Chen Jinxiang, Li Fuyi, Wang Miao, Li Junlong, Marquez-Lago Tatiana T, Leier André, Revote Jerico, Li Shuqin, Liu Quanzhong, Song Jiangning
Department of Software Engineering, College of Information Engineering, Northwest A&F University, Yangling, China.
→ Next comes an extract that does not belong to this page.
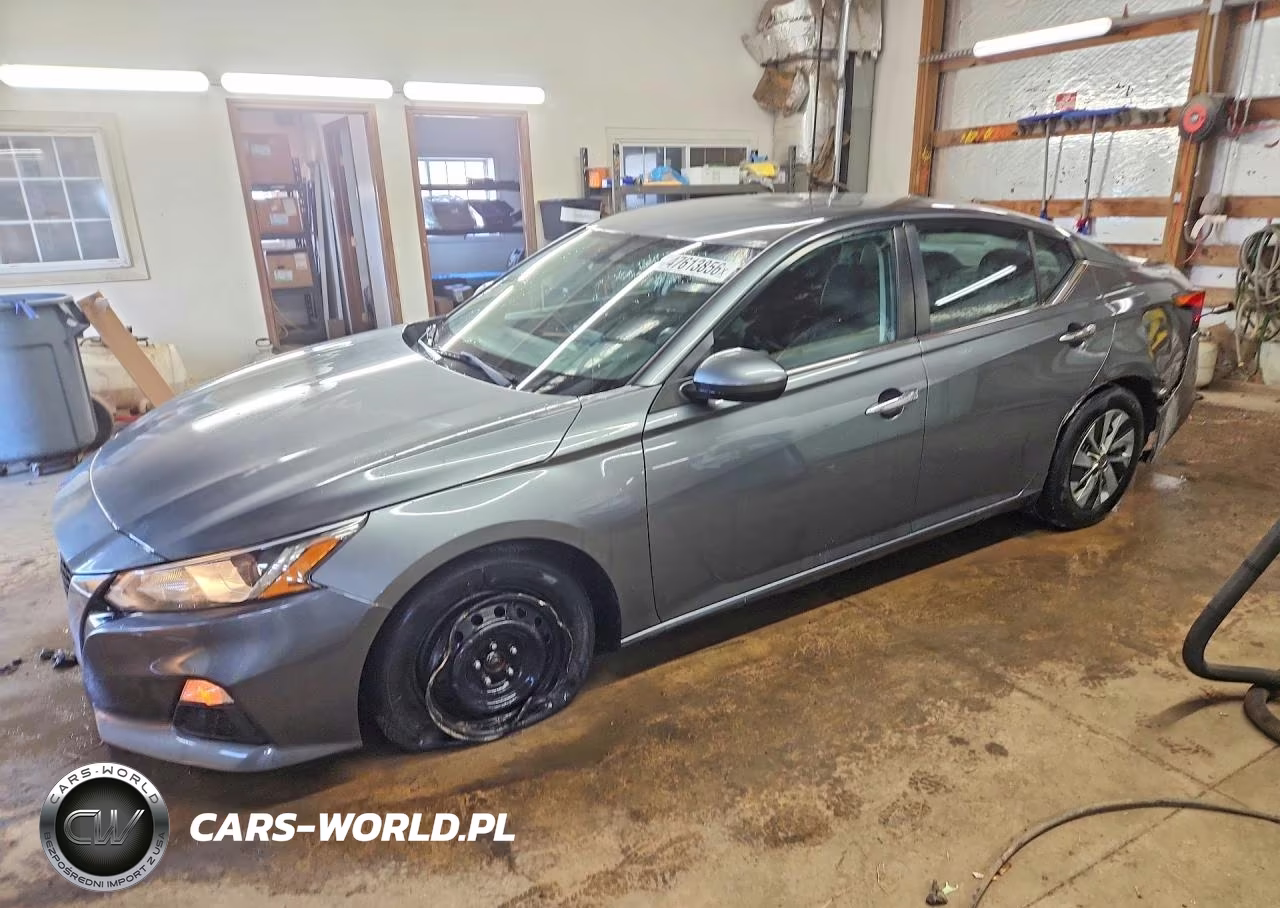 2020 Nissan Altima 2.5 S – zdjęcie 1 z 12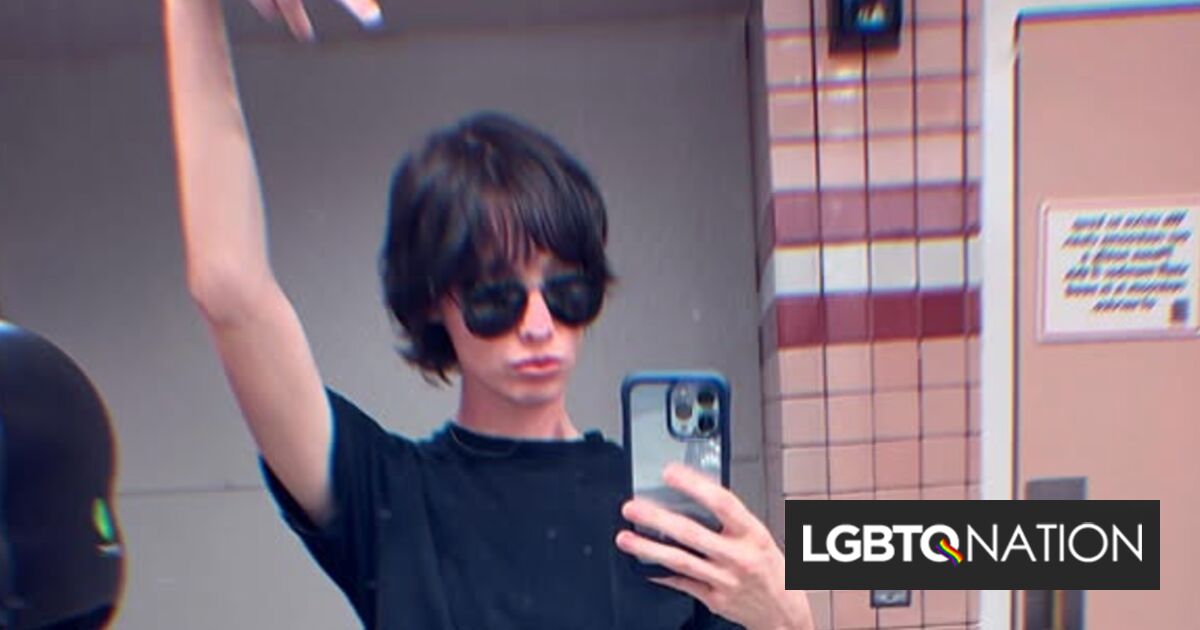 La estrella de “Oppenheimer” Emma Dumont se declara transmasc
Department of Biochemistry and Molecular Biology, Biomedicine Discovery Institute, Monash University, Melbourne, VIC, Australia.
Front Big Data. 2022 Jan 18;4:727216. doi: 10.3389/fdata.2021.727216. eCollection 2021.
Simple Sequence Repeats (SSRs) are short tandem repeats of nucleotide sequences. It has been shown that SSRs are associated with human diseases and are of medical relevance. Accordingly, a variety of computational methods have been proposed to mine SSRs from genomes. Conventional methods rely on a high-quality complete genome to identify SSRs. However, the sequenced genome often misses several highly repetitive regions. Moreover, many non-model species have no entire genomes. With the recent advances of next-generation sequencing (NGS) techniques, large-scale sequence reads for any species can be rapidly generated using NGS. In this context, a number of methods have been proposed to identify thousands of SSR loci within large amounts of reads for non-model species. While the most commonly used NGS platforms (e.g., Illumina platform) on the market generally provide short paired-end reads, merging overlapping paired-end reads has become a common way prior to the identification of SSR loci. This has posed a big data analysis challenge for traditional stand-alone tools to merge short read pairs and identify SSRs from large-scale data.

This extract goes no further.